As a NASA enthusiast, I too, watched the Space Shuttle Endeavour’s final flight aboard NASA’s Boeing 747 Shuttle Carrier Aircraft on Sept. 21, 2012, prior to its landing at LAX. Then, on Oct. 12, 2012, practically the entire city of Inglewood and parts of Los Angeles were shut down. For the next 68 hours, and 12 miles, history was being towed through the streets by a 2012, full-size (1/2-ton), Toyota Tundra CrewMax. This pick-up truck with a standard 5.7L V8 engine, successfully towed the 150,000 lb. Endeavour orbiter, along with its dolly and towing mechanisms (totaling nearly 293,000 lbs.), across the Manchester Bridge and 405 Freeway! Along for that historic drive was professional driver Matt McBride, former NASA astronaut and Endeavour mission member Garrett Reisman, and Toyota executive Ed Laukes.
Now, that same Toyota Tundra truck is on display in the new Giant Lever Exhibit located in the California Science Center/California African American Museum parking lot. A massive lever or “beam” pivots on a fulcrum hoisting the Tundra, while several or one person dares to test his brawn. Two “future astronauts,” Noah Lara and Samantha Comiskey, dressed in pint-sized orange jumpsuits, helped explained the science behind the Giant Lever Exhibit. As the two stood further from the fulcrum, less power was applied to the lift, and the Tundra was easier to pick up! This new unveiling celebrates Endeavour’s last flight STS-134, which launched May 16, landing in the early morning of June 1, 2011.

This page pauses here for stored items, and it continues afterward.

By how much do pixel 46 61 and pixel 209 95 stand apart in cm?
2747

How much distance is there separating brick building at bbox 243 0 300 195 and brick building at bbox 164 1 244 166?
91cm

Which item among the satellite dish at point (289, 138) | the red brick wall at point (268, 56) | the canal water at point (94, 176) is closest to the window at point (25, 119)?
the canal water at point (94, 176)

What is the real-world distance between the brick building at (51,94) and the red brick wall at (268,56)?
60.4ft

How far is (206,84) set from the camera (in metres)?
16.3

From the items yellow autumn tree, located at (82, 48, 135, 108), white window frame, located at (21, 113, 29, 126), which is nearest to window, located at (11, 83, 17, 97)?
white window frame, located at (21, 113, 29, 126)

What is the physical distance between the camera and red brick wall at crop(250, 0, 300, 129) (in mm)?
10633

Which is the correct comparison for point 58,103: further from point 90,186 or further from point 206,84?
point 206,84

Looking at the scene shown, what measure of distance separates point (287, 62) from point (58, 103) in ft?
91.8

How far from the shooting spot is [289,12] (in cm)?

Among the many taking part in today’s unveiling were Jeffrey Rudolph, president, California Science Center; Michael Rouse, vice president, Diversity, Philanthropy and Community Affairs, Toyota Motor Sales, U.S.A., Inc.; Lynda Oschin, chair of the Mr. and Mrs. Samuel Oschin Family Foundation; and former astronaut Garrett Reisman, Ph.D., who flew aboard Endeavour and rode during its historic tow. Rouse also presented a check for $401,300 to the Science Center raised during Toyota’s Tundra Endeavour Tweet Drive to the California Science Center Foundation.
After you’ve had your thrill of lifting this heavy load, step inside the California Science Center’s Endeavour Exhibit. Enter Mission Control Room and hear the final countdown of Endeavour’s last voyage into space. Learn about the life of an astronaut from what they eat to where they poo! Yes, see a real space toilet up close. Endeavour is one of five permanent exhibits, as well as the IMAX Theater. California Science Center, 900 Exposition Park Drive, Los Angeles, 90037. Entrance to California Sciene is free. Parking $10. IMAX Theater Tickets, $8.25 adults, $5 children. 323-724-3623. More information is available on www.californiasciencecenter.org.
That’s IT Mommy Penny
* We attended this media event. We were given a ticket to the IMAX theater. The review is in our own words and is our opinion.